I could have left off the process name, but it helped me decide which ports were important to include in the new firewall rules. Honestly, the output above was good enough for me to quickly throw together some workable IP Tables rules. I simply saved the output to a text file and hacked things together with a text editor.

But maybe you only care about the port information:

# lsof -i -nlP | awk '{print $9, $8, $1}' | sed 's/.*://' | sort -u
123 UDP ntpd
1526 TCP sendmail
22 TCP sshd
25 TCP sendmail
39054 TCP sshd
53 TCP named
53 UDP named
587 TCP sendmail
783 UDP portreser
80 TCP httpd
953 TCP named
NAME NODE COMMAND

Note that I inverted the field output order, just to make my sed a little easier to write

If you wanted to go really crazy, you could even create and load the actual rules on the fly. I don't recommend this at all, but it will make Tim's life harder in the next section, so here goes:

lsof -i -nlP | tail -n +2 | awk '{print $9, $8}' | 
sed 's/.*://' | sort -u | tr A-Z a-z |
while read port proto; do ufw allow $port/$proto; done

I added a "tail -n +2" to get rid of the header line. I also dropped the command name from my awk output. There's a new "tr A-Z a-z" in there to lower-case the protocol name. Finally we end with a loop that takes the port and protocol and uses the ufw command line interface to add the rules. You could do the same with the iptables command and its nasty syntax, but if you're on a Linux distro with UFW, I strongly urge you to use it!

So, Tim, I figure you can parse netstat output pretty easily. How about the command-line interface to the Windows firewall? Remember, adversity builds character...

Tim builds character

When I first saw this I thought, "Man, this is going to be easy with the new cmdlets in PowerShell v4!" There are a lot of new cmdlets available in PowerShell version 4, and both Windows 8.1 and Server 2012R2 ship with PowerShell version 4. In addition, PowerShell version 4 is available for Windows 7 SP1 (and later) and Windows Server 2008 R2 SP1 (and later).

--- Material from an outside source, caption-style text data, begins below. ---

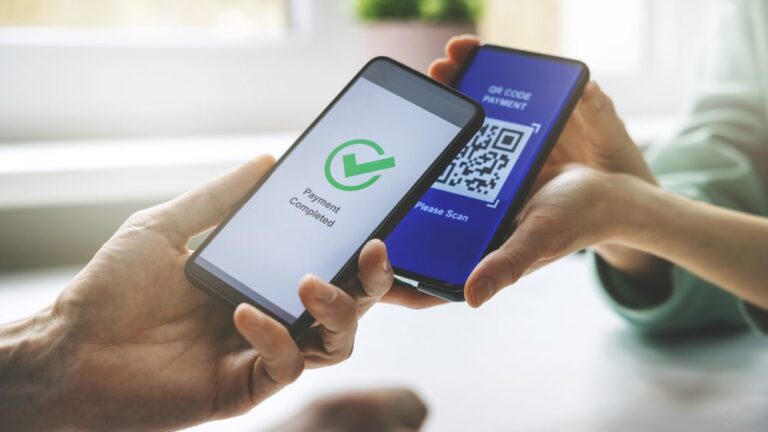 Казахстанцы по QR совершили безналичных транзакций на 2,2 трлн тенге в 2023 году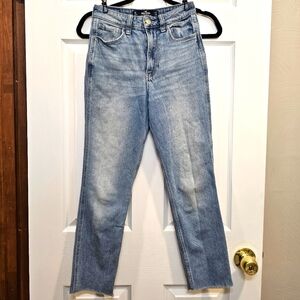 Hollister Light Blue Ultra High-Rise Mom Jean Women's Size 24 Short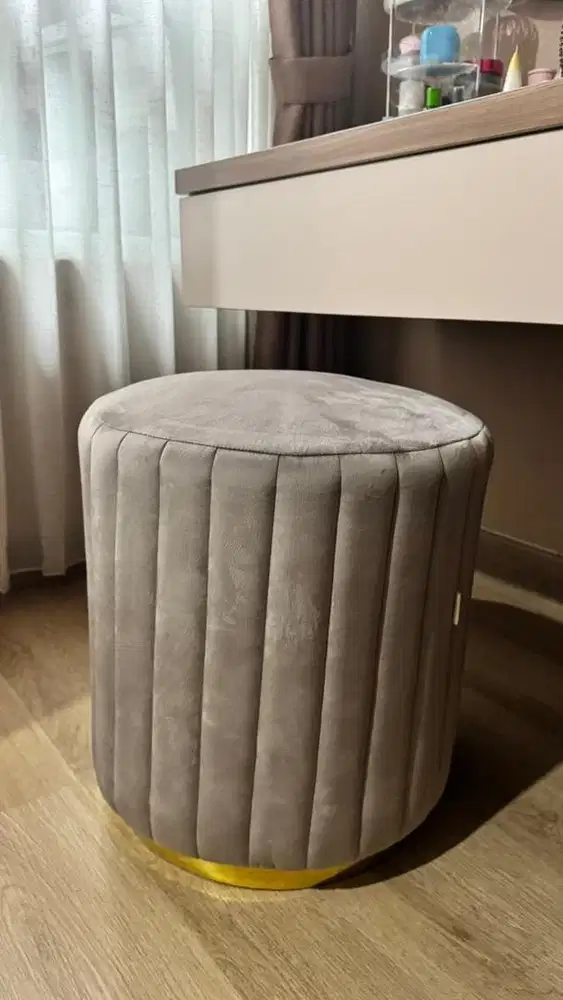 Preloved Sofa minimalis/kursi/Stool kayu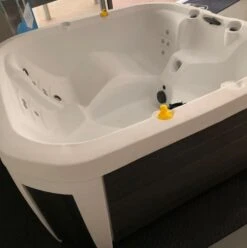 Off-Display (Worthing) Happy 25 Lounge - 5 Person Plug & Play Hot Tub -Pooly Shop worthing happy 2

The first cmdlet that will help us out here is Get-NetTCPConnection. According to the help page this cmdlet "gets current TCP connections. Use this cmdlet to view TCP connection properties such as local or remote IP address, local or remote port, and connection state." This is going to be great! But...

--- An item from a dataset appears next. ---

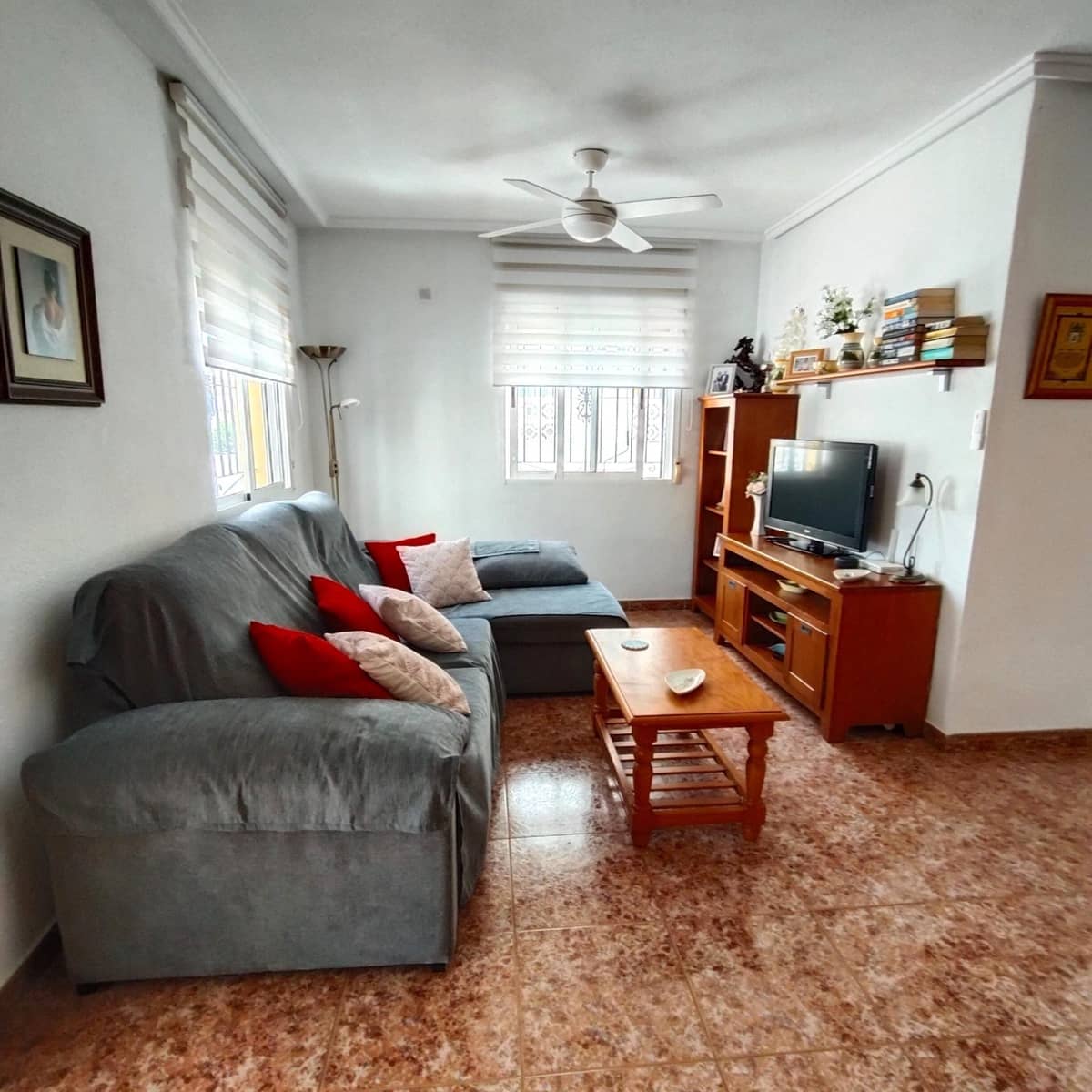 3 sypialnia Apartament na sprzedaż w Torrevieja z basenem - 199 900 € (Ref: 9927627)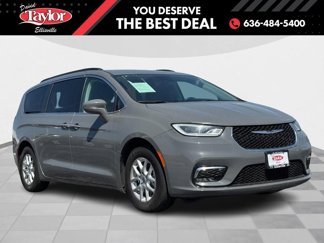 Used 2022 Chrysler Pacifica Touring-L image 1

It doesn't mention the process ID or process name. Nooooo! This can't be. Let's look at all the properties of the output objects.

PS C:\> Get-NetTCPConnection | Format-List *

State : Established
AppliedSetting : Internet
Caption :
Description :
ElementName :
InstanceID : 192.168.1.167++445++10.11.22.33++49278
CommunicationStatus :
DetailedStatus :
HealthState :
InstallDate :
Name :
OperatingStatus :
OperationalStatus :
PrimaryStatus :
Status :
StatusDescriptions :
AvailableRequestedStates :
EnabledDefault : 2
EnabledState :
OtherEnabledState :
RequestedState : 5
TimeOfLastStateChange :
TransitioningToState : 12
AggregationBehavior :
Directionality :
LocalAddress : 192.168.1.167
LocalPort : 445
RemoteAddress : 10.11.22.33
RemotePort : 49278
PSComputerName :
CimClass : ROOT/StandardCimv2:MSFT_NetTCPConnection
CimInstanceProperties : {Caption, Description, ElementName, InstanceID...}
CimSystemProperties : Microsoft.Management.Infrastructure.CimSystemProperties

Dang! This will get most of what we want (where "want" was defined by that Hal guy), but it won't get the process ID or the process name. So much for rubbing the new cmdlets in his face.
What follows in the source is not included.